March 15, 2012 at 7:12 am
Jeff Moden (3/15/2012)
peter-757102 (3/15/2012)
Jeff, did you receive any news regarding the performance characteristics of the code (or variations) on SQL Server 2012?And on the extra bright side, in a few months I will be working in a .NET driven development environment, then it is time for me to do some experiments with use of that in SQL Server :).
Haven't tried it there yet but I don't see why any of this would change.
So far as the .Net driven development environment goes, take a look at the CLR splitter that Paul White wrote for the comparision testing in this article.

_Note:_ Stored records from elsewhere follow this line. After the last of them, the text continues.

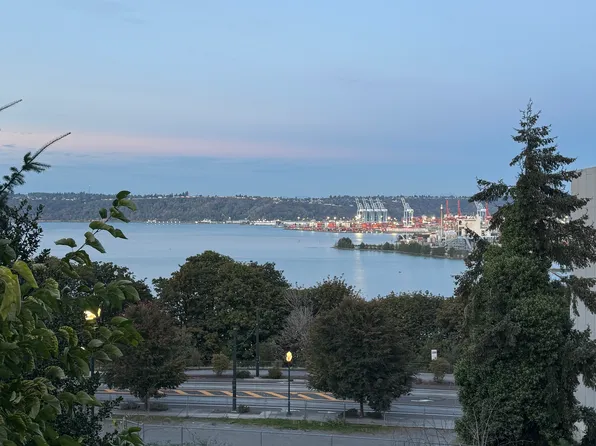 230 Broadway APT 4, Tacoma, WA 98402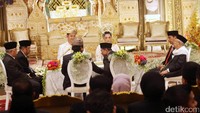 OSO dibantu penghulu menikahkan putrinya.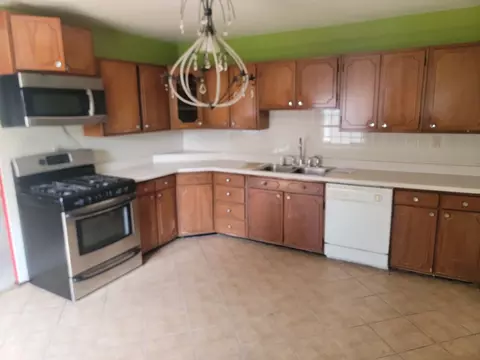 808 Robert St, Aurora, IL 60506 photo 4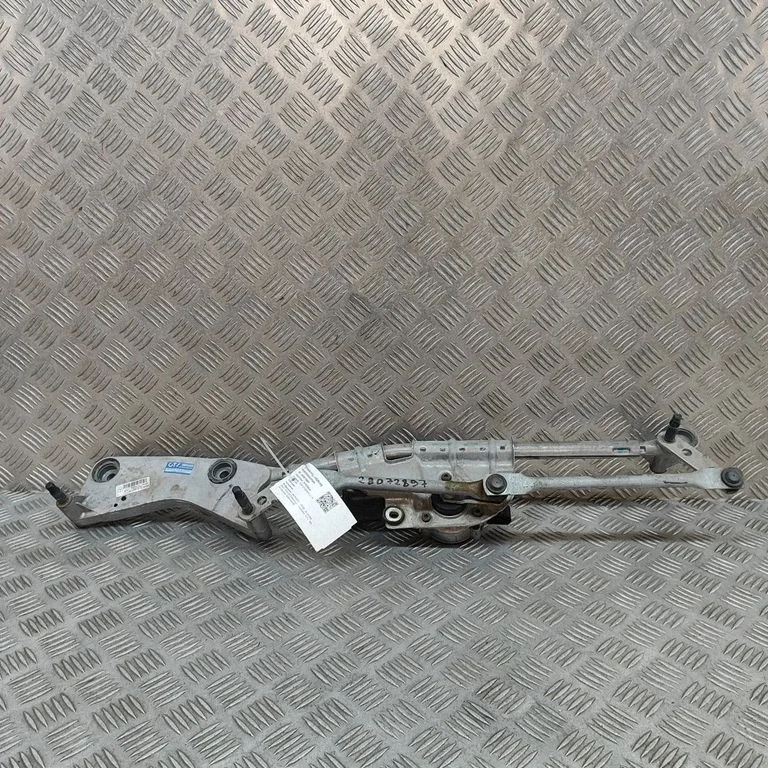 Front wiper linkage and motor – Mercedes-Benz GLS-Class X166 (2015-2019)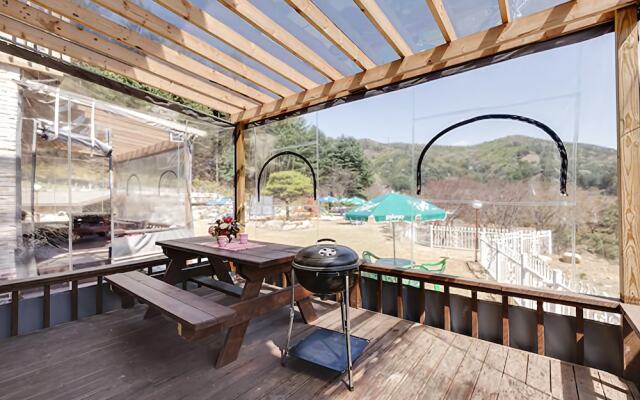 Yangpyeong Lodge House Pension (Pets Friendly)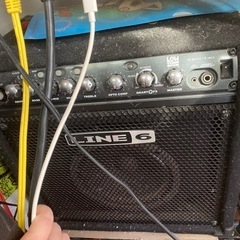 LINE6 ベースアンプ　中古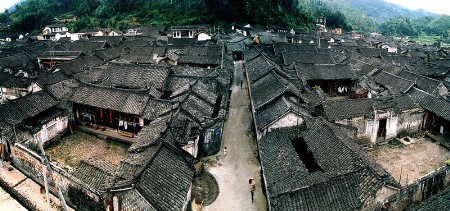 它座落在福建省连城县国家重点风景名胜区冠豸山下,与土楼一道形成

It certainly could be quite different if one of the following internals have been modified in SQL Server 2012 versus 2008:
* string handling
* memory management
* query optimizer changes (CTE/operator stuff)
Also the difference in performance for varchar(max) and varchar types might be gone as there is no good reason for large difference there from a pure technical perspective. As for .Net coding, I will certainly look at Paul White's splitter. To begin with as a good source to learn from. I haven't done anything .Net much, nor recent.
By the way, did I miss your long string splitter version somehow, or was that work never finished?
March 15, 2012 at 7:31 am
Actually, there is a good reason for the MAX datatypes to have a performance problem with such splitters. They're simply handled differenently even when they're "in row" and because of that, they don't cotton to be joined to.
I've not gotten around to writting an article for the "long splitter" so, no, you didn't miss anything.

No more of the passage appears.